Las quinielas políticas barajan dos fechas para la convocatoria electoral: el 24 de octubre y el 28 de noviembre. Se descartan los tres primeros domingos de noviembre —días 7, 14 y 21— ya que para el 7 está prevista la visita del Papa a la capital catalana: si los comicios fueran en uno estos tres días, durante la visita del pontífice habría elecciones o campaña electoral. Así las cosas, si el presidente no convoca hoy las elecciones, muy probablemente estás serán a finales de noviembre.
Montilla sí dijo a principios de agosto que serán los consellers los primeros en enterarse. algo que está regulado por ley. Lo que no está claro es que deba convocarse un Consell Executiu extraordinario o bien hacerlo tras la reunión semanal de los martes, ya que, según señalaron fuentes del Govern a Ep, la normativa utiliza una palabra interpretable: que el presidente debe «escuchar» a los consellers antes de convocar las elecciones.
Pendientes del caso Millet
Además de la eventual influencia que pueda tener en algunos electores la visita del Papa, otros factores que pueden condicionar los resultados son la evolución de los datos macroeconómicos; la evolución de las implicaciones políticas del caso Millet sobre el presunto desvío de fondos del Palau de la Música , y la recalificación de unos terrenos adjuntos para construir un hotel; si hay novedades en el traspaso de competencias y en el desarrollo estatutario, y si el Gobierno opta por una nueva subida de los impuestos.

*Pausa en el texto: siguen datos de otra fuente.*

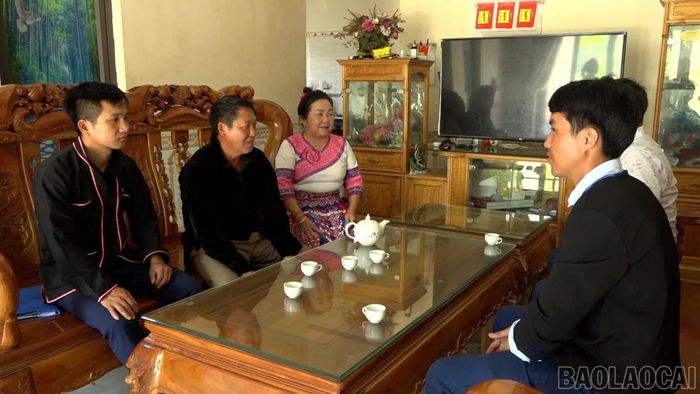 Nhờ cây quế, ông Thào A Sử đã xây được căn nhà khang trang và mua sắm đầy đủ đồ dùng tiện nghi.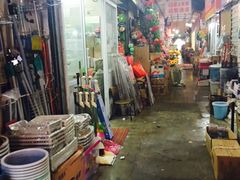 -利津路小商品批发市场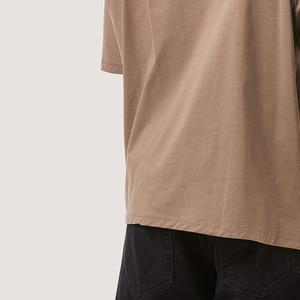 เสื้อยืดแขนสั้นโอเวอร์ไซส์ของผู้ชายผ้าฝ้าย100% กำหนดโลโก้สตรีทแวร์ลายพื้นน้ำหนักเบาระบายอากาศ - Product Image 4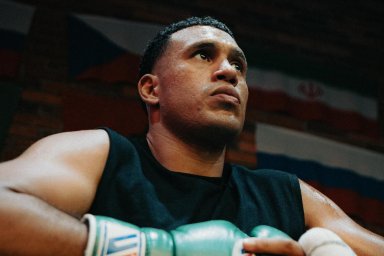 Чемпион мира в полутяжелом весе вспомнил о спаррингах с Головкиным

En cualquier caso, todos los partidos ya tienen las espadas en alto. Aunque todos los sondeos coinciden en que CiU volverá a ganar las elecciones, las principales incógnitas son cómo afecta la crisis al tripartito, y si los partidos nacionalistas, sobre todo ERC, salen desgastados ante la irrupción de varias candidaturas de perfil soberanista, como Reagrupament y la que lidera el ex presidente del FC Barcelona Joan Laporta.

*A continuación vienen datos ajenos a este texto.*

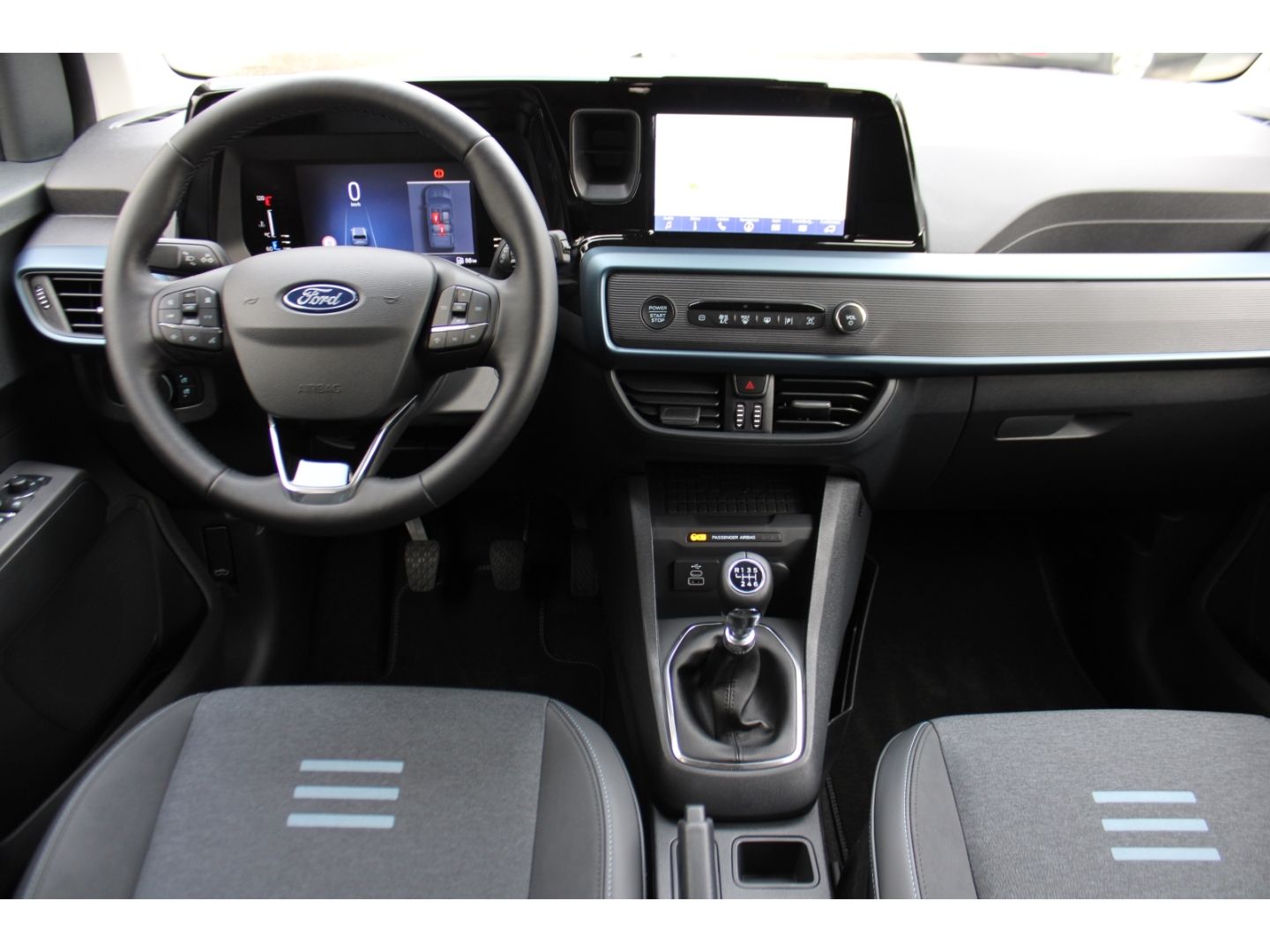 Fahrzeugabbildung Ford Tourneo Courier Active1,0 EcoBoost ACC Navi TWA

Tanto PSC como ICV-EUiA han manifestado este verano que, encuestas en mano, aún hay posibilidades de que el tripartito vuelva a sumar, aunque admiten que lo tienen bastante complicado. Son muchos los que dan por hecho un tercer tripartito si PSC, ERC e ICV-EUiA alcanzan la mayoría absoluta, pese a que ERC ha dicho que sólo pactará con quien convoque una consulta sobre la autodeterminación en la próxima legislatura, algo a lo que los socialistas se oponen frontalmente.
Llegar al PP
En paralelo, y más allá del calendario electoral, el mapa político en Catalu se lee también en clave de política nacional. Al respecto, el secretario general del PP catalán, Jordi Cornet, aseguró ayer a Ep que el cambio en Cataluña es necesario para que España también cambie, y apuntó que para ello es imprescindible que deje de gobernar el presidente, José Luis Rodríguez Zapatero. «El único partido que si es fuerte en Cataluña puede provocar un anticipo de las elecciones generales es el PP», dijo, y avanzó que trabajarán para concienciar al electorado de que los próximos comicios autonómicos son tan importantes o más que los generales.
«Lo mejor que le puede pasar a un catalán es que Zapatero deje de gobernar España», según Cornet, que aseguró que tanto Artur Mas como José Montilla garantizan el poder a Zapatero hasta 2012. El PP confía en una aritmética que les permita ser decisivos y obligue a CiU y PSC a desplazarse a las tesis del PP si quieren gobernar.